When he was at his peak as a player, it was a move away from Celtic which almost cost Mick McCarty his international career.
The move from Parkhead to Lyon in 1989 made financial sense, thanks to a lucrative three-year contract, and French football also offered a new challenge to McCarty, who had won three medals in his two seasons as a Celt.
But factors combined to make Lyon a struggle and, stuck in their reserves six months before the World Cup finals, McCarthy needed a loan spell at Millwall as a rescue mission to keep himself in the Ireland side.
Already, it's been argued that Shane Duffy's move in the opposite direction to the McCarthy move, to from England to Glasgow, is a disaster in waiting for the national team.
Duffy was expected to leave Brighton at the start of this season, as a lack of game time last term and their addition of new, younger defenders, suggested he would play rarely this season, but it was thought that one of the Wests (Brom or Ham) would be his destination.
Instead Celtic were able to combine a financial package acceptable to Duffy and Brighton and also offer the emotional draw of playing in the green and white, to lure him north of the border there.
In one way, Duffy's start to life at Celtic was perfect from an Irish viewpoint: a win, a clean sheet and a goal on his debut. Smiles all round.
But there's also a negative spin: a 5-0 win (over Ross County) away from home is hardly a sign that Duffy will be challenged in Scotland this season.
Would one of Ireland's key players (and, at the moment, our best bet to score a goal) simply regress if he had a weekly diet of beating St Mirren and Hamilton 5-0?
There isn't even the chance to 'play up' in the Champions League, Celtic knocked out early in the qualifying round. Again.
Eyebrows were raised and beards were scratched when Duffy made his move to Scotland but it was ex-Ireland man Gary Breen who voiced what many in the game in England felt: that players like Duffy would regress in a league where strikers would pose no threat to a Premier League-level player like Duffy.
"This is a brilliant move for Celtic but the quality of player he is playing against now will be a big concern for Ireland," Breen told OTB Sports.
"He is not going to be up against quality centre-forwards. There is no centre-forward in Scotland who would play in a Premier League team. None. He is going to be playing against lesser quality and that is a concern."

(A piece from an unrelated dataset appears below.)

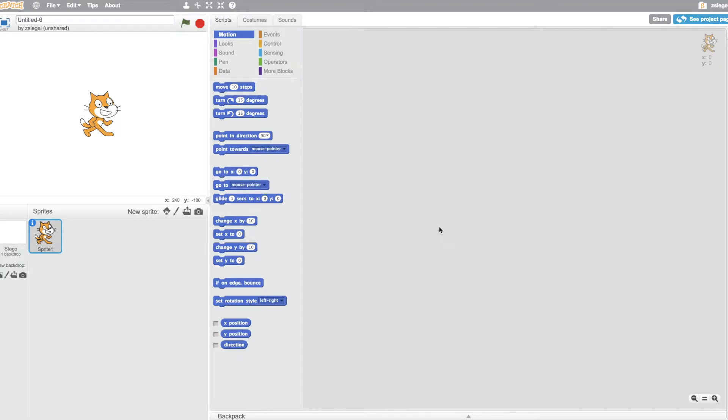Hi everybody, and welcome to another Scratch tutorial video. In this video, we're going to be talking about the motion data blocks.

The League of Ireland does not like having so-called outsiders lobbing jibes its way (as John Sheridan knows) but Scottish football is even more precious about its status and importance than the ultra-defensive LOI.
In a quiet week, Breen's comments were manna from heaven for the prickly Scottish media.
They lined up some ex-pros to tell Breen just how wrong he was: Pierre van Hooijdonk ("You don't become a shit player simply by moving leagues") and Chris Sutton ("Idiotic attack on the Scottish game").
Last night Duffy's manager, Neil Lennon, also took aim at Breen in defence of Scotland's honour.
"Gary's comments are totally unnecessary, unfounded, there's no sort of substance to them whatsoever and completely wrong," said Lennon ahead of tonight's game at home to St Mirren.
Yet that game this evening could only add fuel to the fire.
St Mirren, gallantly and cleverly managed on a shoestring budget by Waterford man Jim Goodwin, have already been beaten 3-0 by an Old Firm side this season, and a heavy defeat to Celtic tonight could add to Breen's theory.
But Duffy is also suffering from an over-obsession with the Premier League in England, with all leagues outside of that not worth a thought.
Before Timo Werner's deut for Chelsea, player-turned-pundit Alan Smith was heard to ask the question no one else thought of, whether Werner could "deliver at this level".
Yes, because where Werner has been for the last seven years is that footballing black hole called the Bundesliga, home of the current European champions.
First team football with Celtic is better for Duffy than none at Brighton, and West Brom and West Ham have already this season shown they have defenders who struggle to defend against decent forwards.
Ousted from the Champions League, Celtic are still in the Europa League and if they can go on a run in that competition, perhaps it would be treated with the same respect as Wolves earned last season. Duffy could then show that maybe the Premier League is not the only show in town.